58 Reposo en el hogar
domingo, 27 de octubre de 2024

He dedicado parte de la mañana en llevar a cabo una nueva «Operación Trastero». Me he dado un buen tute.
En esta ocasión le ha tocado el turno al mueble de la ropa: lo he vaciado, he apartado los trastos que eran para la basura, he sacado toda la ropa para que Raquel hiciera selección (cosa que ha hecho y que ha dejado a la mitad, qué guay), y he reorganizado las cosas para meter dentro del mueble las sillas de playa, la megatumbona, y algún trasto más.
En las estanterías he hecho sitio en varias baldas para colocar los zapatos de Raquel.
En cuanto a las cosas que he bajado a la basura... Los 2 cuadros de carteles de cine, la columna metálica de la VibroPower, una tele LG viejilla (que estaba bajo el mueble, en lo más hondo), y una bolsa de 50L repleta de ropa de Raquel.
Resumiendo. El trastero ha mejorado y aún le queda por rematar; probablemente sea el cuento de nunca acabar.
Tras una ducha reconfortante he preparado la comida: unas exquisitas patatas con merluza y guisantes.
El resto del día viendo tele y distrayendo la tele telemáticamente.

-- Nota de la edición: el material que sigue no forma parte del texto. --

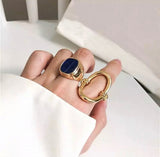 Rings - Gold Oval Ring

59 Jornada de reflexión pre camarilla
viernes, 18 de octubre de 2024

Este viernes es víspera de mañana sábado y, como tal singular circunstancia, hay que ufanarse en la preparación de substancias materiales e inmateriales; subordinar el día a día a las angustias económicas y pasar una noche confusa y angustiosa... así es mi ansiedad vital de toda la vida, claro, qué se le va a hacer.
En el BM hago acopio de cervezas y Monopoles, además de otros elementos menos interesantes.
De regreso al hogar me relajo un rato antes de poner manos a la obra con el cocineo de mediodía. Hoy toca comer coliflor de primer plato y merluza rebozada de plato fuerte; todo ello queda perfecto y damos cuenta de ello con premura e intensidad deliberada. Después Raquel se acuesta un rato antes de no salir al yoga y yo me apalanco en la butaca con Indi en el regazo.
Estos son los viernes que preceden a un fiestón con la camarilla; en esta ocasión el lugar elegido para el pedo es en nuestro palomar del alma. Los detalles en otra entrada contemporánea a los hechos.

60 El cristalero otoñal
martes, 01 de octubre de 2024

El cristalero otoñal ha cambiado el cristal deteriorado de la ventana del dormitorio, a coste cero (seguro del hogar).
Un día insulso de porros y líquidos.
Un pasarlo sin esfuerzo a base de colocón y PC.
Ha refrescado: manga larga.
Estoy frenando el engorde de los últimos meses; algo positivo tenía que llevar la carga del líquido y los purés.